La loi REEN s’est par ailleurs intéressée aux activités énergivores des centres de données, qui doivent désormais répondre à certaines obligations en matière de valorisation de la chaleur fatale et d’optimisation de l’utilisation de l’eau à des fins de refroidissement, en respectant des indicateurs chiffrés devant encore être fixés par décret.

A noter que ces opérateurs ont récemment été appelés à mettre en place des mesures de sobriété énergétique par le gouvernement français, dans son « Plan de sobriété énergétique » publié le 6 octobre dernier (e.g. : définition de critères de paramétrage des box internet et décodeurs TV pour une mise en veille en cas de non-utilisation ; limitation du recours à la climatisation dans les salles des centres de données…).

– Interdiction du « Greenwashing »

Deux décrets parus le 13 avril 2022 ont introduit en droit français un régime d’interdiction (décret n° 2022-539) et de sanction (décret n° 2022-538) de la pratique de l’écoblanchiment, en anglais « Greenwashing ».

Ainsi, à partir du 1er janvier 2023, toute allégation de neutralité carbone par une entreprise dans une campagne publicitaire devra être accompagnée de la publication d’un rapport de synthèse décrivant l’empreinte carbone du produit ou service en question et la démarche grâce à laquelle ces émissions de gaz à effet de serre sont prioritairement évitées, puis réduites, et enfin compensées.

 

3. Sobriété numérique : les bonnes pratiques

– Les méthodes d’évaluation de l’ADEME

L’ADEME décrit sur son site Internet 19 méthodes d’évaluation environnementale pouvant être utilisées par les entreprises soucieuses de réduire l’impact de leurs activités sur le réchauffement climatique, et met à disposition un « guide méthodologique » permettant de déterminer laquelle de ces méthodes est la mieux adaptée.

La normalisation internationale ISO (14040 à 14043) a fixé les bases méthodologiques et déontologiques de ce type d’évaluation, favorisant une harmonisation de la méthodologie employée.

Selon l’ADEME, l’outil le plus abouti en matière d’évaluation globale et multicritère des impacts de produits ou de services sur l’environnement est l’ « analyse du cycle de vie » (ACV).

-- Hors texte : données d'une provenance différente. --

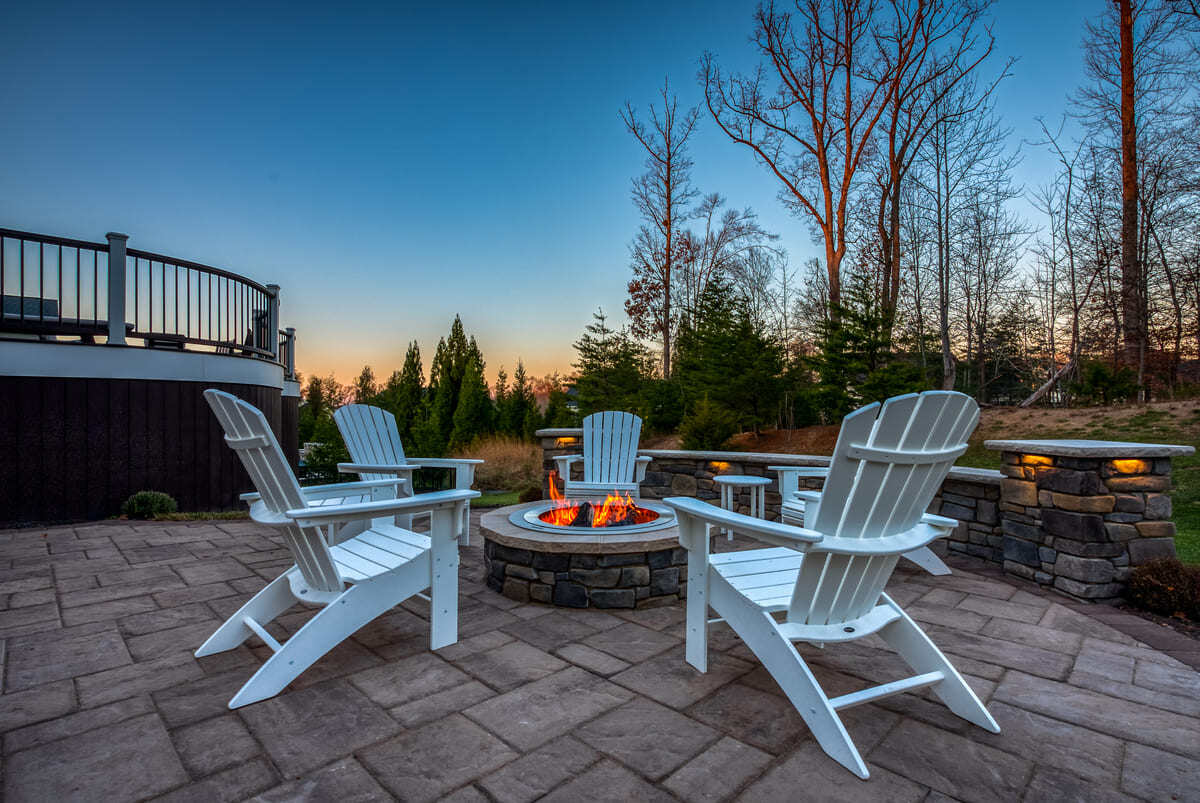 Patio with fireplace and custom lighting in retaining wall by Deckscapes of Virginia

Celle-ci repose sur une double approche, tenant compte d’une part du cycle de vie de chaque produit ou service visé et d’autre part de plusieurs critères d’analyse des flux entrants (matières et énergie) et sortants (déchets, émissions gazeuses, liquide rejeté, etc.) impliqués.

– Exemples de bonnes pratiques

La mise en œuvre d’une stratégie de sobriété numérique au sein d’une entreprise passe par diverses actions, notamment liées à :

  • la sensibilisation des collaborateurs aux bonnes pratiques d’usage de leur matériel informatique ;
  • la gouvernance (e.g. désigner une équipe dédiée et lui attribuer les ressources nécessaires) ;
  • la réduction de l’impact lié aux équipements informatiques et aux logiciels (e.g. limitation de leur renouvellement, promotion de la réparation, désinstaller les programmes superflus, éviter l’installation de mises à jour non nécessaires…).

Ces actions passent notamment par la contractualisation. Elles impliquent :

  • d’une part, la revue de la documentation interne (Charte informatique, notice informative à l’attention des salariés, politique RSE…) et ;
  • d’autre part, le choix des fournisseurs et la négociation des conditions contractuelles (intégration des bonnes pratiques d’écoconception et d’accessibilité dans les contrats relatifs à des prestations externes, négociation des durées de services de maintenance…).